UNOC 2025 : repenser le rôle et la place des Outre-mer

La troisième Conférence des Nations unies sur l’océan est l’occasion de mettre en lumière les enjeux de l’outre-mer en lien avec les changements globaux en cours. Pour cela, il est utile de commencer par remettre en question la notion même d’« outre-mer ». Dans ce contexte, une nouvelle vision portée par les peuples océaniques appelle à considérer les terres émergées et les mers qui les entourent comme un tout.

Le président de la Polynésie française Moetai Brotherson, invité par la Chaire Outre-mer & Changements globaux à Sciences Po le 12 juin 2025. (crédits : Clara Dufour / Sciences Po)

Un article de Camille Mazé-Lambrechts, directrice de recherche CNRS au CEVIPOF et titulaire de la Chaire Outre-mer & Changements globaux, Florent Parmentier, enseignant et secrétaire général du CEVIPOF, ainsi que de Jordan Hairabedian, Mathieu Rateau et Loup Lamazou, tous trois assistants de recherche pour la Chaire Outre-mer & Changements globaux.

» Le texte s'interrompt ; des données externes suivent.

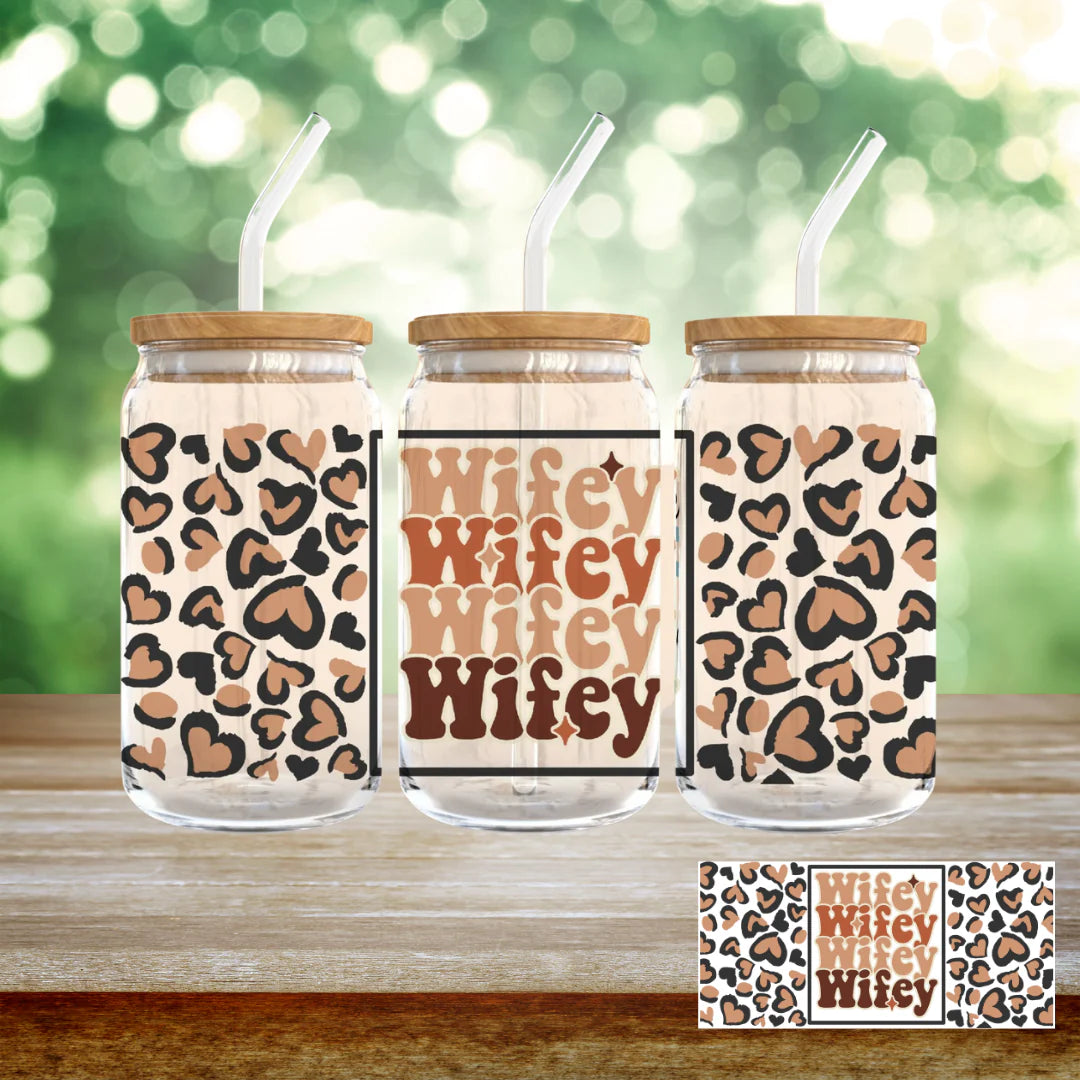 Wifey  💕 Leopard 16 oz tumbler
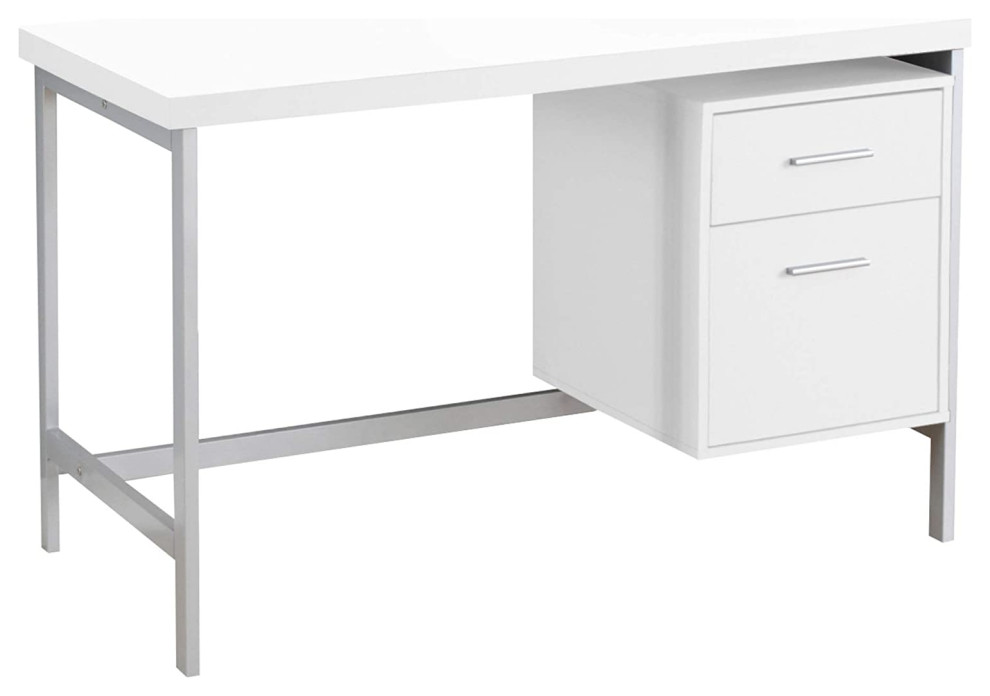 Contemporary Desk, Silver Legs With Spacious Thick Paneled White Top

Cette analyse a été initialement publiée par notre partenaire The Conversation.


La troisième Conférence des Nations unies sur l’océan (Unoc 3), qui se déroule cette année à Nice, a été ouverte par des déclarations fortes de la part des peuples de l’océan. Des leaders des territoires ultramarins français et des représentants des peuples autochtones comme des petits États insulaires du Pacifique se mobilisent. L’occasion de questionner leur rôle politique actuel dans la vision et la régulation de l’océan.

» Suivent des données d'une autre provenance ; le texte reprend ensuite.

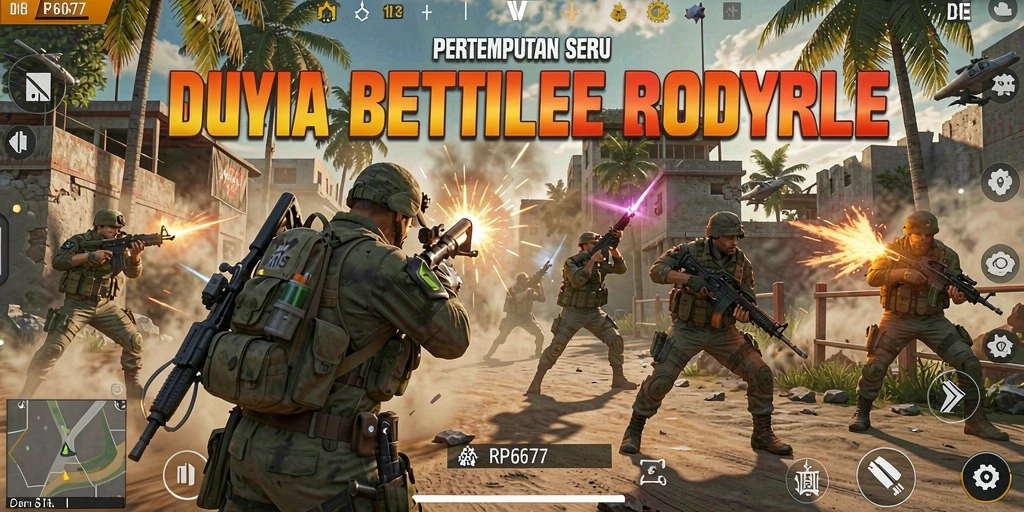 Gameplay seru RP6677 dengan aksi pertempuran Battle Royale.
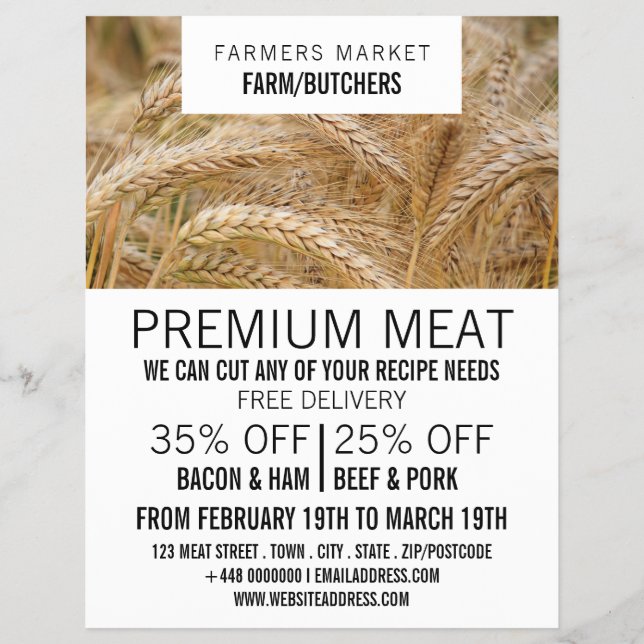 Flyer Trigo no Campo, Publicidade de Fazendeiro & Açougu (Frente)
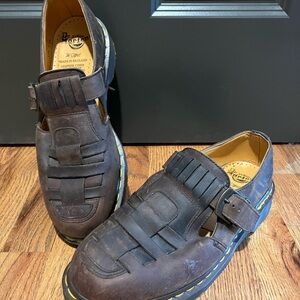 Dr. Martens Brown Leather Slip-Ons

En matière de protection des océans, l’un des objectifs internationaux est de protéger 30 % des écosystèmes marins dans le monde (notamment via des aires marines protégées, ou AMP) à l’horizon 2030. Officiellement, la France affiche un taux de protection de 33 %, mais dans les faits, les AMP françaises ne bénéficient pas d’un niveau de protection suffisamment fort. Selon l’association de protection des océans Bloom, moins de 1 % des eaux marines hexagonales le seraient réellement, notamment du fait des autorisations de chalutage de fond dans celles-ci.

Les scientifiques et peuples autochtones réunis à l’Unoc font ainsi porter leurs voix pour réguler et limiter la pêche industrielle et l’exploitation minière des fonds marins, avec des pratiques moins invasives et en garantissant l’accès aux ressources pour les populations locales.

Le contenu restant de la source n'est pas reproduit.